Cirilo Perez Oxla, of Totonicapan, in the Guatemalan highlands, expressed his distaste for end of the world theories. “The western world has distanced itself from us, it has marginalized and excluded the Mayan people,” Perez Oxla said. “Now that the end of the 13th Baktun is coming, people have their hairs on edge, but this is nothing new for us Mayas, because we are the ones who keep track of time.”

Perez Oxla, 86, is currently the “chief grandfather” (or in western parlance, the director) of Guatemala’s Council of Mayan Elders. He has spent much of the year traveling around the world, attending invitations to conferences and spiritual gatherings, where he talks about Mayan civilization and the end of the 13th Baktun.

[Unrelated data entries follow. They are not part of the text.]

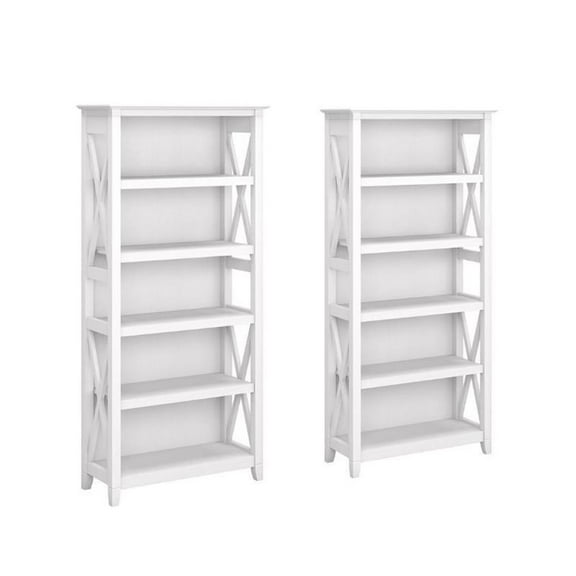 Home Square 5 Shelf Wood Bookcase Set in Pure White Oak (Set 0f 2)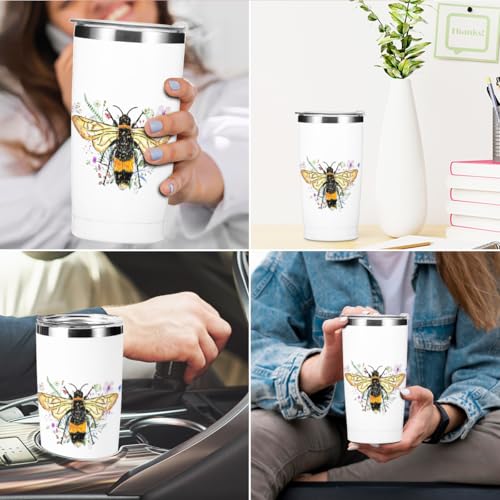 Bee Gifts Cute Bees Tumbler 20oz Stainless Steel Travel Cup with Lid - Bees Themed Gift for Women Men Children Variation of Bee Cute 1123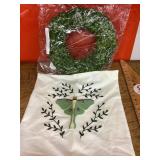Decorative wreath and decorated pillow cover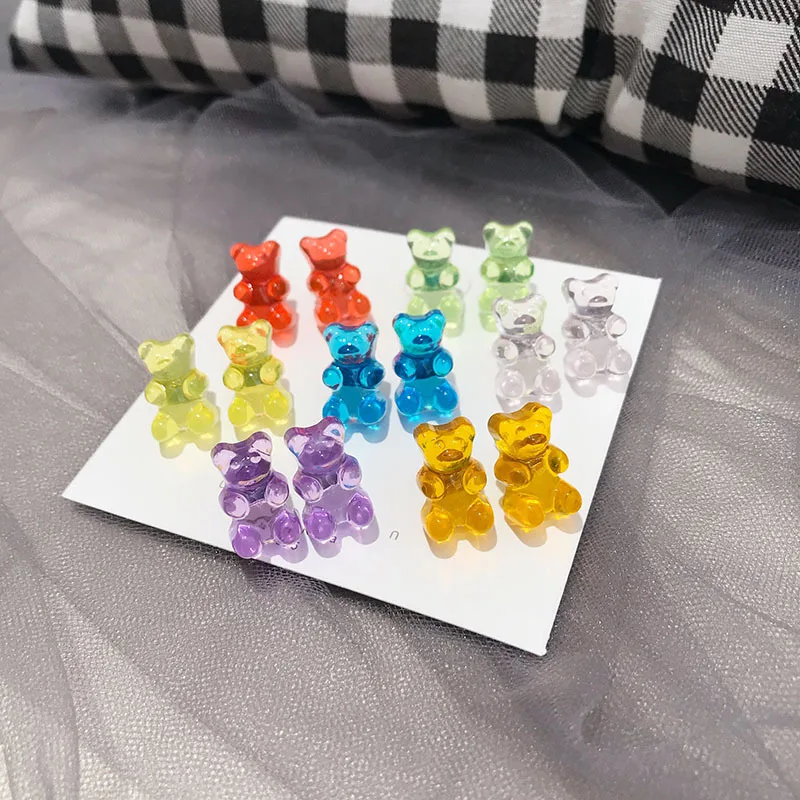 HZ Новинка милая Цветная Акриловая заколка для волос Gummy Bear заколки для волос аксессуары для волос для женщин девочек детей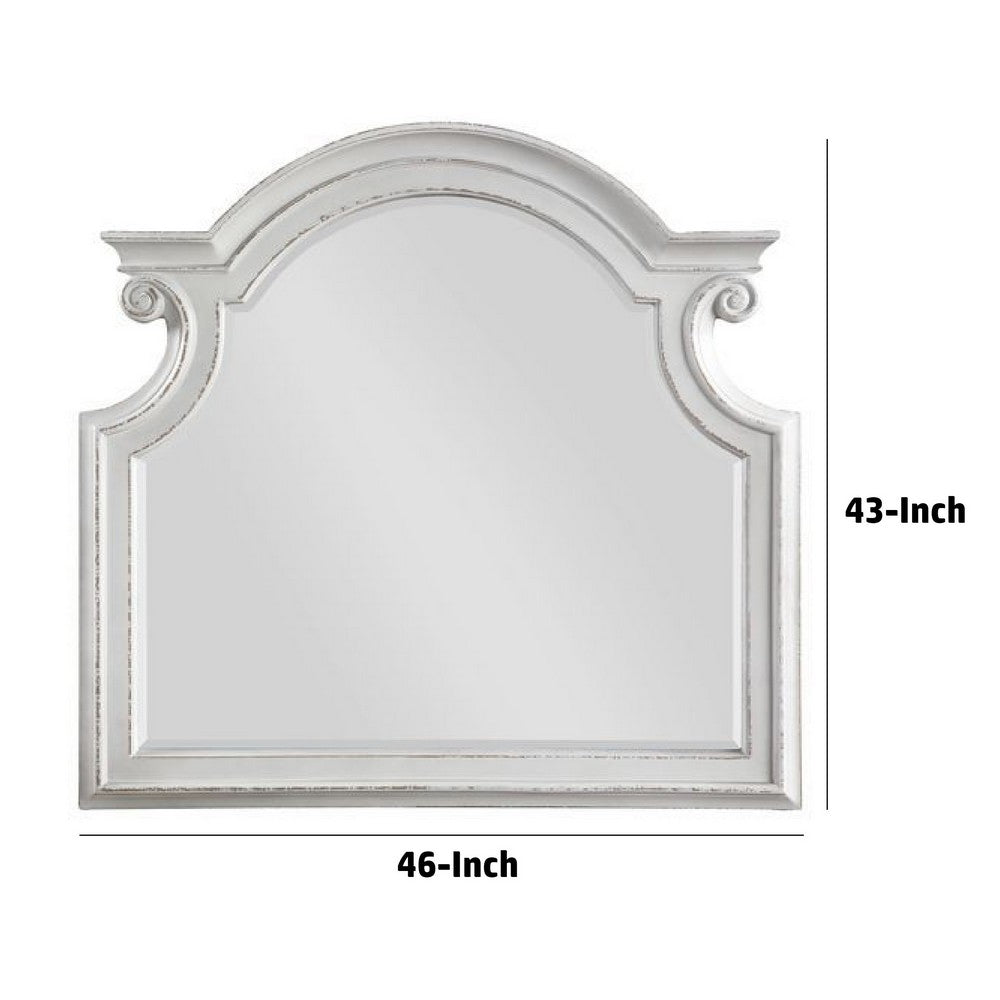Fil 46 Inch Solid Wood Mirror, Arch Top, Scalloped, Antique White - BM275079
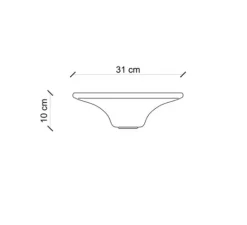 Plafonnier, Vintage C136, blanc, L31cm, H10cm - Ferroluce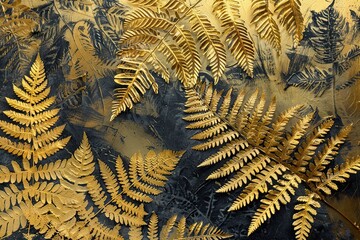 Step into the luxurious charm of a Gilded Fern Leaf Background.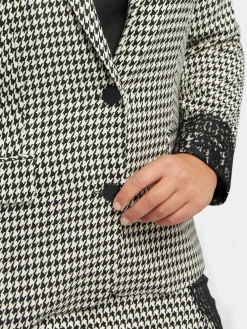 Fiorella Rubino Giacche E Blazer|Blazer Pied De Poule Con Pizzo
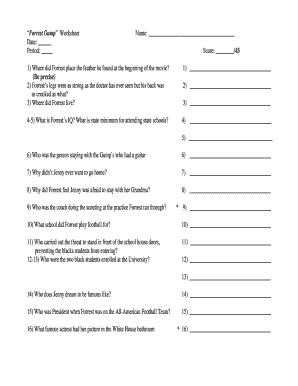 Forrest Gump Worksheet PDF Answer Key  Form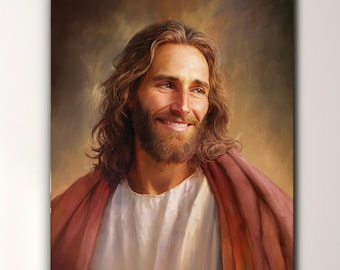 Puede incluir: Una pintura de Jesucristo con el pelo largo y castaño y barba. Lleva una túnica blanca y una capa roja. Sonríe y mira hacia la derecha. El fondo es de un marrón suave.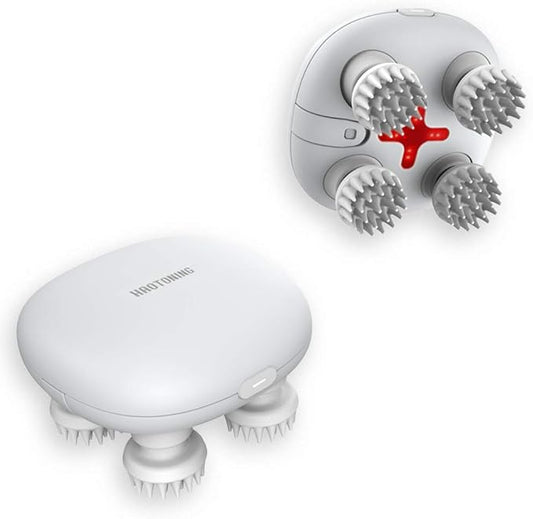 Electric Scalp Massager, Head Scratcher Mimics Four-Finger Kneading Massage, Rechargeable & Waterproof, Pets Massager HaoToningInc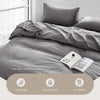 Cosy Club Duvet Cover Quilt Set Flat Cover Pillow Case Essential Black Queen Deals499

“What is destroying us is pollution, not the 13th Baktun,” said Perez Oxla, who this year went to India, Pakistan, Colombia and Kyrgiztan. “For us, this is a time of reflection in which to call for unity, in which to love each other, and in which to understand that we must change how we behave with mother earth.”

On December 21 Perez Oxla will lead a traditional ceremony in the town of Gumarkaj. “First of all we will pray to the creator and shaper of all things, secondly to our mother earth,” Perez said. “Then we will pray for our brothers the animals, and our ancient trees, because the forest is the city of our brother animals.”

Jaime Magaña Caamal

Jaime Magaña Caamal,33, is a native speaker of Yucatec Maya, one of more than thirty Mayan languages spoken in Mexico and Guatemala.

“I personally think that [December 21] is an important day,” Magaña said over the phone. “It represents the beginning of good things. Mayan culture is cyclical, everything begins again at some stage, and people expect things to get better,” added Magaña who has a degree in linguistics from the University of Valladolid.

While he was a student in Valladolid, Magaña founded a Mayan music band, which will perform on December 21, in Merida, the capital of Mexico’s Yucatan State.

“There’s going to be a big festival in Merida, in which I will personally participate. But this (date) is not something that our communities celebrate. I’m doing it to advocate for our culture,” he said. Magaña also suggested that if people really wanted to know what Mayan culture is all about, they should visit the small indigenous communities spread out across Mexico´s Yucatan peninsula, such as his hometown of Tikul.

Priscila Torres

Priscila Torres studies at the National School of Music in Mexico City, where she is specializing in the harpsichord. She grew up in Merida, and volunteers for an NGO that provides free music lessons to rural communities in Yucatan.

“Everyone out there is talking about the end of the world, but in Yucatan no one is talking about that,” Priscilla said. “People in the small towns don’t even follow the Mayan calendar anymore because, since the Spanish came, the ‘normal’ calendar was imposed.”

“I think that this 21 of December [doomsday theory] is just a myth,” she added. “When we were at school, they taught us about the Mayan calendar and all that, but they also told us that the Mayans saw much further into the future [than December 21].”

Mario Itzep

Mario Itzep directs the Indigenous Observatory, a think tank in Guatemala City. “In the Mayan [view of the cosmos], there is no end of the world,” he said.

Itzep also pointed out that that the end of the 13th Baktun, will simply be followed by the start of the 14 Baktun, much like the end of the 20st century, led to the beginning of the 21st century.

“Here in Guatemala, we hope that the new Baktun will be the era in which we eliminate poverty and racism, that is what we want for the new Baktun,” argued Itzep, who is a native speaker of the Mayan Kiche language.

The Guatemalan government is celebrating the end of the 13th Baktun by backing large celebrations in several archeological sites around the country, including the ancient city of Tikal.

These celebrations are intended to attract tourists, but Itzep said that indigenous youth groups will place observers in these archeological spots, which are considered by the Mayans to be holy sites.

“We want to make sure that they let our spiritual leaders into those sites, that they are allowed to practice their rites, and that they are not charged an entrance fee,” Itzep said.